Fixed Rate Disclosure: Fixed rate ranges are based on applicable terms, level of degree, and presence of a co-signer.
Lowest Rate Disclosure: Lowest rates are only available for the most creditworthy applicants, require a 5-year repayment term, immediate repayment, a graduate or medical degree (where applicable), and include our Loyalty and Automatic Payment discounts of 0.25 percentage points each, as outlined in the Loyalty Discount and Automatic Payment Discount disclosures. Rates are subject to additional terms and conditions, and are subject to change at any time without notice. Such changes will only apply to applications taken after the effective date of change.

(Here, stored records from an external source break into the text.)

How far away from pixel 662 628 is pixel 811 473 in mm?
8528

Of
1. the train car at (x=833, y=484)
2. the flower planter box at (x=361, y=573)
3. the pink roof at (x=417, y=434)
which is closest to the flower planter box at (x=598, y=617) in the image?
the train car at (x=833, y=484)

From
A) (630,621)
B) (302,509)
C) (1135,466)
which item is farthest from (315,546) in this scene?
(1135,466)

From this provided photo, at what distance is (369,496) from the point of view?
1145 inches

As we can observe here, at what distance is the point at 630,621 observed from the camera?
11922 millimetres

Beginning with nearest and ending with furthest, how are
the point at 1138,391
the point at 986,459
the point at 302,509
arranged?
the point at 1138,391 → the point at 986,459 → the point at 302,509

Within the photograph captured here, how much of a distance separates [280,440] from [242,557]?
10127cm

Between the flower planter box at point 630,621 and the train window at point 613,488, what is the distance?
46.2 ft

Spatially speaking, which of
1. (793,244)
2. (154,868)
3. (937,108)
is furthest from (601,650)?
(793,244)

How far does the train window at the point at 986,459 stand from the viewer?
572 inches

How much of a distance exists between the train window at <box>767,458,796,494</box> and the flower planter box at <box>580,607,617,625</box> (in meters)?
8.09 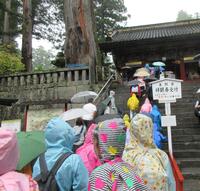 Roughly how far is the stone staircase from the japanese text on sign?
4.44ft

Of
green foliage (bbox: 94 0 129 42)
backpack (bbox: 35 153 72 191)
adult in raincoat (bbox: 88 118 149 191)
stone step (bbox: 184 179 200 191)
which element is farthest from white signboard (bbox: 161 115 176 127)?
green foliage (bbox: 94 0 129 42)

Federal Loan vs. Private Loan Benefits: Some federal student loans include unique benefits that the borrower may not receive with a private student loan, some of which we do not offer. Borrowers should carefully review federal benefits, especially if they work in public service, are in the military, are considering possible loan forgiveness options, are currently on or considering income based repayment options or are concerned about a steady source of future income and would want to lower their payments at some time in the future. When the borrower refinances, they waive any current and potential future benefits of their federal loans. For more information about federal student loan benefits and federal loan consolidation, visit http://studentaid.ed.gov/. We also have several resources available to help the borrower make a decision on our website including Should I Refinance My Student Loans? and our FAQs. Should I Refinance My Student Loans? includes a comparison of federal and private student loan benefits that we encourage the borrower to review.